Heineken NV, the world’s third-largest brewer, on Sunday opened a US$60 million brewery joint-venture just outside Rangoon, returning to one of Asia’s most promising beer markets after exiting in 1997 amid international condemnation of the human rights abuses of the military government at that time.
Heineken’s Regal Seven beer is set to rival the Tuborg and Yoma brands by Carlsberg, which in May became the first foreign brewer to set up in Burma, officially known as Myanmar, as it emerges from 49 years of military rule.
“Myanmar is on faster trajectory of growth and its disposable income will rise for common people in coming years,” said Vijay Dhayal, senior consultant at financial advisors New Crossroads Asia.
Burma’s beer industry is dominated by state-backed Myanmar Brewery, and beer consumption rates are some of the lowest in Asia at just 3.2 litres per person in 2013, according to the latest data from research firm Euromonitor International, well below the 31 litres per person in neighbouring Thailand.

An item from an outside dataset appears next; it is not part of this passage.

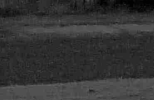 grainy.png
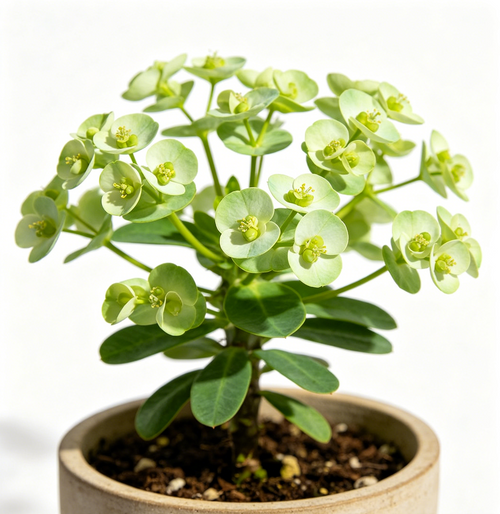 Buddivo Euphorbia Mint Cream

But with consumer spending expected to rise as economic reforms kick in, foreign brewers hope Burmese will want more beer, especially the branded kind. Euromonitor forecasts the value of the beer market to almost double to $675 million in three years’ time from an estimated $375 million this year.
Heinken’s Burmese brewery is a joint venture with privately owned Alliance Brewery Co Ltd, majority-owned by local spirits entrepreneur Aung Moe Kyaw.
Analysts, however, say the dominance of Myanmar Brewery, which has an 80 percent market share, will be tough to crack.
“This will not be an easy game for foreign firms,” said Alec Maurice, Business Development Officer at consultancy Thura Swiss.
“Myanmar consumers are often very loyal to their brands, especially in the beer sector.”